As I was scouting for angles, I noticed two pickups, both towing livestock trailers, pull into the driveway of the ranch. The occupants of the first got out, unlocked the gates, and drove in.  

The driver of the other also pulled in -- and then hollered down to me. He let me know that he needed me to get my car, which I had left in front of the gate to a small corral, out of the way.  I quickly jogged back and moved my car to the other side of the highway.  

 


 

The man who had hailed me was Clarence Neppl, a rancher from Salida who leases land in Tennessee park to graze some of his cattle. 

 

He and three cowhands -- two men and a woman -- had come up that day to move a group of a couple of dozen cattle, which had been grazing on the east side of the park, over to the rangeland west of the ranch.  

 

They were going to be moving the cattle into the small corral I had stopped in front of, and would then drive them across the highway, into the corrals at the ranch.

 


 

Soon, more people arrived -- Clarence's wife Donna Neppl, and her daughter Michelle and two of her children.  Michelle and the grandchildren were evidently visiting, and had come to watch.  The Neppls were kind enough to let me come on into the ranch and tag along with them. 
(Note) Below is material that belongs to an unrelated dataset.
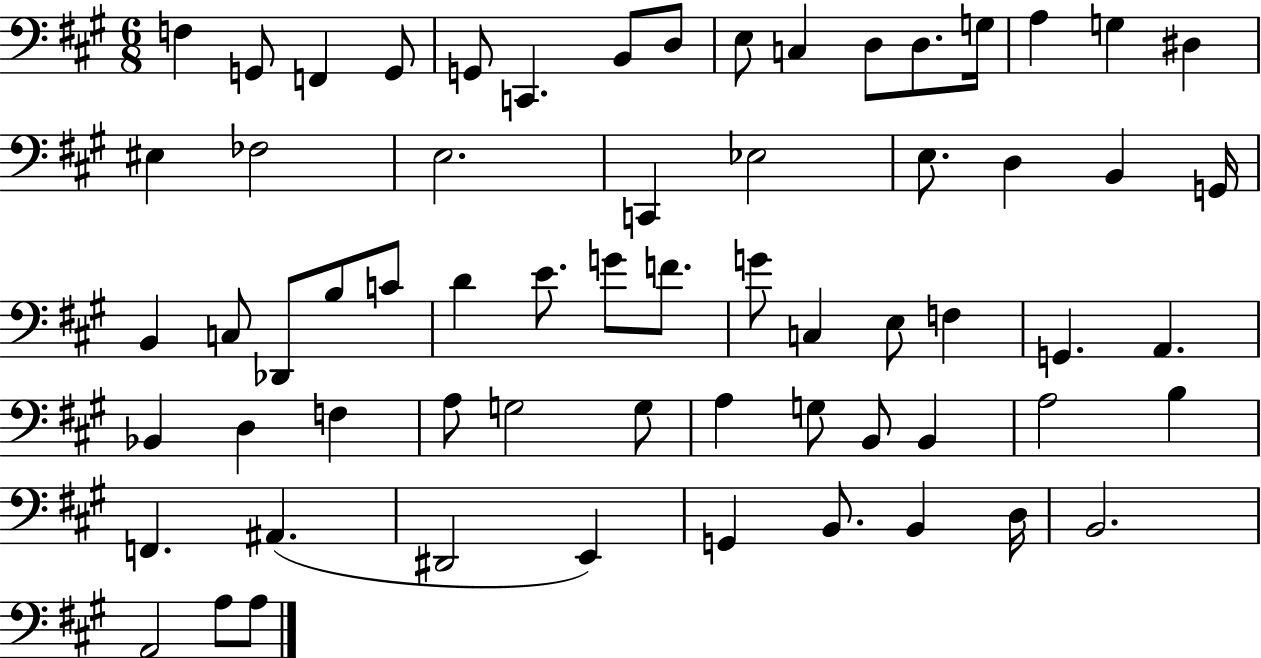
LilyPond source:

I was grateful for this opportunity, as I was able to get some nice shots of the area with the old buildings of the ranch in the foreground.

 

 


 

Then, another visitor arrived. Tony is the "overseer" of the land for the City of Pueblo, which actually owns it.  
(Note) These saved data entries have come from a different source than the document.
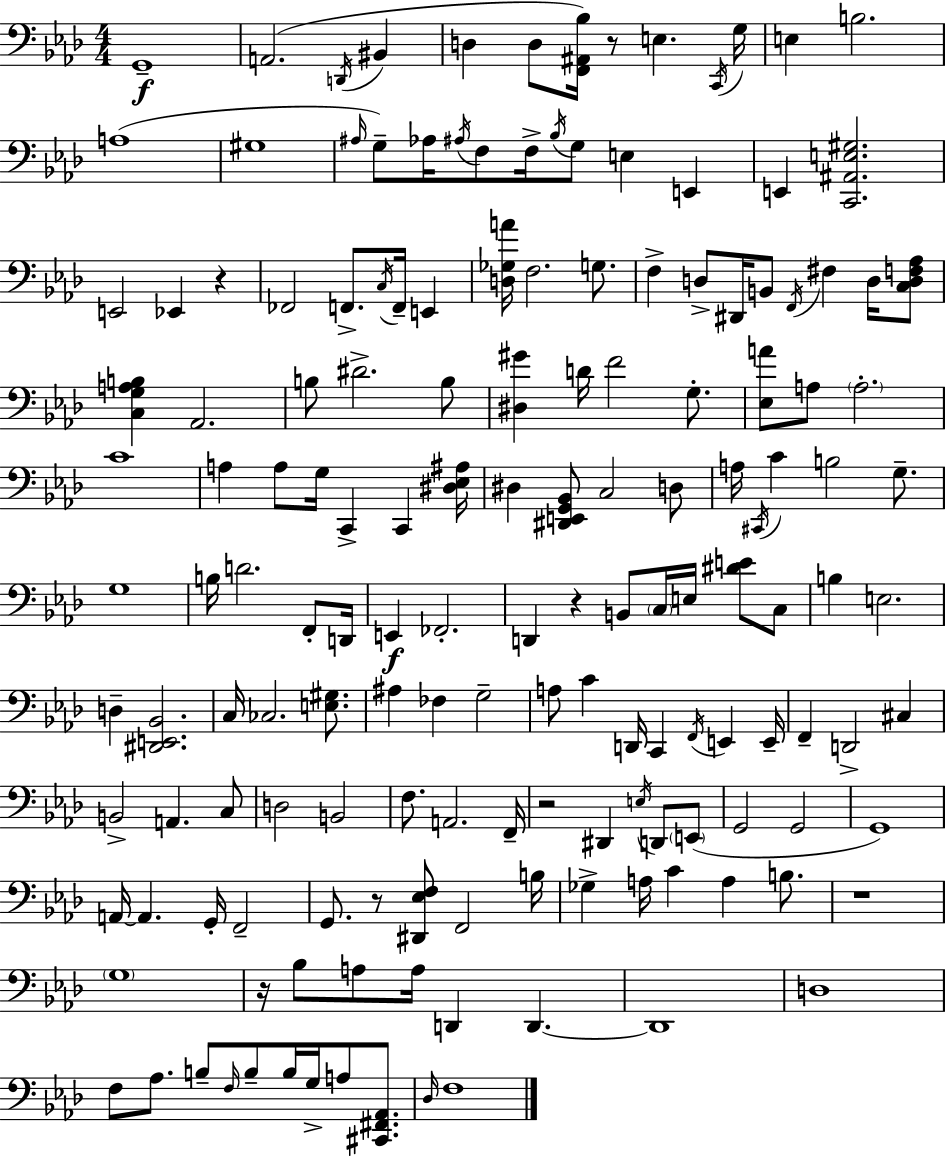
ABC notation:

X:1
T:Untitled
M:4/4
L:1/4
K:Fm
G,,4 A,,2 D,,/4 ^B,, D, D,/2 [F,,^A,,_B,]/4 z/2 E, C,,/4 G,/4 E, B,2 A,4 ^G,4 ^A,/4 G,/2 _A,/4 ^A,/4 F,/2 F,/4 _B,/4 G,/2 E, E,, E,, [C,,^A,,E,^G,]2 E,,2 _E,, z _F,,2 F,,/2 C,/4 F,,/4 E,, [D,_G,A]/4 F,2 G,/2 F, D,/2 ^D,,/4 B,,/2 F,,/4 ^F, D,/4 [C,D,F,_A,]/2 [C,G,A,B,] _A,,2 B,/2 ^D2 B,/2 [^D,^G] D/4 F2 G,/2 [_E,A]/2 A,/2 A,2 C4 A, A,/2 G,/4 C,, C,, [^D,_E,^A,]/4 ^D, [^D,,E,,G,,_B,,]/2 C,2 D,/2 A,/4 ^C,,/4 C B,2 G,/2 G,4 B,/4 D2 F,,/2 D,,/4 E,, _F,,2 D,, z B,,/2 C,/4 E,/4 [^DE]/2 C,/2 B, E,2 D, [^D,,E,,_B,,]2 C,/4 _C,2 [E,^G,]/2 ^A, _F, G,2 A,/2 C D,,/4 C,, F,,/4 E,, E,,/4 F,, D,,2 ^C, B,,2 A,, C,/2 D,2 B,,2 F,/2 A,,2 F,,/4 z2 ^D,, E,/4 D,,/2 E,,/2 G,,2 G,,2 G,,4 A,,/4 A,, G,,/4 F,,2 G,,/2 z/2 [^D,,_E,F,]/2 F,,2 B,/4 _G, A,/4 C A, B,/2 z4 G,4 z/4 _B,/2 A,/2 A,/4 D,, D,, D,,4 D,4 F,/2 _A,/2 B,/2 F,/4 B,/2 B,/4 G,/4 A,/2 [^C,,^F,,_A,,]/2 _D,/4 F,4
Pueblo bought Tennessee Park with an eye towards construction of a reservoir that would help supply the city's water needs.  The plans had to be shelved, though, when it was discovered that there was a stand of a protected species of native grass in the park that would have been destroyed by the reservoir.  

So, while the land still belongs to the city, it will probably sell it off -- although to whom, and for what purpose, is up in the air.  It's simply not possible in this economy, Donna Neppl told me, to amortize a mortgage note on land like this just by ranching cattle on it. 

 


 

Eventually, the cowhands had gathered up the cattle and confined them in the corral on the east side of the highway, and it was time to make the crossing.  

Two of the hands positioned themselves squarely in the middle of the highway, north and south of the crossing point; the other hand, and Mr. Neppl, then positioned themselves to herd the group across.  

Neppl warned me to stay behind my car, so that my presence did not distract and confuse the cattle and lead them to head off in the wrong direction.  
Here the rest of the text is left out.